So we had a very interesting debate 14th November on anti-theism. This is starting to become a BIG bone of contention between atheists. Yes, I said atheists. Traditionally this debate has featured theistic defenders of theism versus atheistic critics. Now we are seeing more atheists (in my observation typically those more conservative leaning who no doubt evaluate the “goods” and “harms” to a different datum, as a result) making the case for religion and religiosity as a societal good. My YouTube friend Friended is one of those.
Here is the debate:
Have a watch, I think it was an excellent run over the points and their counters.
So a couple of points cropped up during the debate that, on listening back through a second time, i realised I’d like to both expand on and investigate a little further. i present them here (whilst sat in my cycling gear after an hour’s ride home).
To sum up the questions:
1) We both agree there are harms and goods but to demand “proof” the harms outweigh the goods it to suppose an objective evaluation can be made of how many apples are equivalent to a certain number of oranges.
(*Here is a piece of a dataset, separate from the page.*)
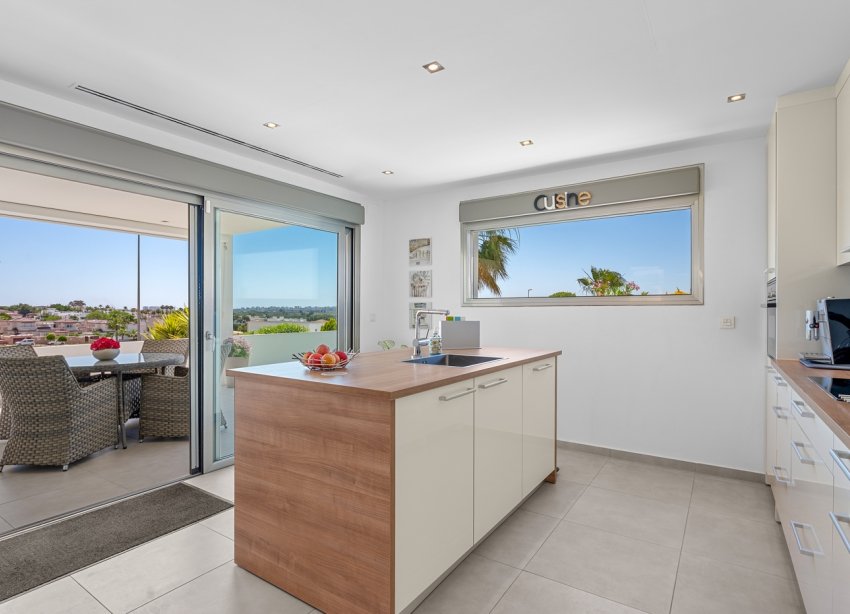 Resale - Villa / House - La Marina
I found that unfair at the time and I would like some explanation of how EITHER OF US could quantatively balance the harm and good of religion
2) What evidence is there that people adopt religious beliefs simply to flatter their intuitive preconceptions in the teeth of all the evidence we have that one’s religious belief is strongly correlated to the religion of one’s parents?
PS: Big thanks to Friended for suggesting the debate and for the manner in which the debate was conducted.